Cessazione materia contendere e spese dopo revoca in autotutela DASPO (TAR Piemonte n. 1726 del 27.07.2026)
Principi di diritto (Massima)
La revoca in autotutela del provvedimento impugnato, intervenuta in pendenza di giudizio, determina la cessazione della materia del contendere ai sensi dell’art. 34, comma 5, cod. proc. amm., non residuando alcun interesse alla decisione. La regolazione delle spese segue criteri distinti: la metà può essere compensata in ragione dell’apprezzabile intervento in autotutela dell’Amministrazione, sollecitato dalla fase cautelare; la restante metà va posta a carico dell’Amministrazione resistente in applicazione del criterio della soccombenza virtuale, con liquidazione secondo i parametri di legge.
Il Fatto
Il ricorrente impugnava il provvedimento con cui il Questore di Torino gli aveva applicato il D.A.SPO., ossia il divieto di accedere alle manifestazioni sportive per la durata di un anno dalla notifica. Il provvedimento estendeva il divieto a tutti gli impianti del territorio nazionale ed estero, alle aree circostanti lo stadio cittadino e ai centri sportivi nel raggio di cinquecento metri, oltre che ai percorsi ferroviari, stradali e aeroportuali riconducibili agli eventi calcistici.
Nel corso del giudizio la Questura resistente, insieme al Ministero dell’Interno, revocava in autotutela il provvedimento impugnato. Entrambe le parti chiedevano quindi la declaratoria di cessazione della materia del contendere. Il ricorrente insisteva però nella richiesta di condanna dell’Amministrazione al pagamento delle spese di lite.

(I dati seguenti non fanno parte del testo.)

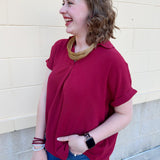Garnet Breeze Collared Top - The Pink Pineapple 850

La Motivazione della Corte
Il Collegio ha rilevato che l’Amministrazione resistente ha revocato in autotutela il provvedimento impugnato e che entrambe le parti hanno chiesto la declaratoria di cessazione della materia del contendere. Su queste premesse il Tribunale ha dichiarato la cessazione ai sensi dell’art. 34, comma 5, c.p.a., non residuando alcun interesse alla pronuncia di merito.

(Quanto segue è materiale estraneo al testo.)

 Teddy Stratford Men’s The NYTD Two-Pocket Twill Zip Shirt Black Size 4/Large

La questione realmente dibattuta ha riguardato la regolazione delle spese processuali. Il Collegio ha adottato una soluzione intermedia, articolata su due criteri distinti.
La prima metà delle spese è stata compensata. Il Tribunale ha valorizzato l’apprezzabile intervento in autotutela della Questura, maturato a seguito della fase cautelare: una condotta processuale che ha eliminato la materia del contendere e che giustifica il venir meno di una piena condanna.
La restante metà è stata invece posta a carico dell’Amministrazione resistente, in applicazione del criterio della soccombenza virtuale. Il Tribunale ha cioè valutato come il giudizio si sarebbe verosimilmente concluso, riconoscendo la posizione del ricorrente, e ha liquidato l’importo in ottocento euro, oltre accessori di legge e rimborso del contributo unificato ai sensi dell’art. 13, comma 6-bis.1., d.p.r. n. 115/2002.
Il Collegio ha infine disposto l’oscuramento delle generalità e di ogni altro dato identificativo del ricorrente, ravvisando i presupposti di cui all’art. 52, commi 1 e 2, d.lgs. n. 196/2003 e all’art. 10 del Regolamento (UE) 2016/679, a tutela dei diritti e della dignità della parte interessata.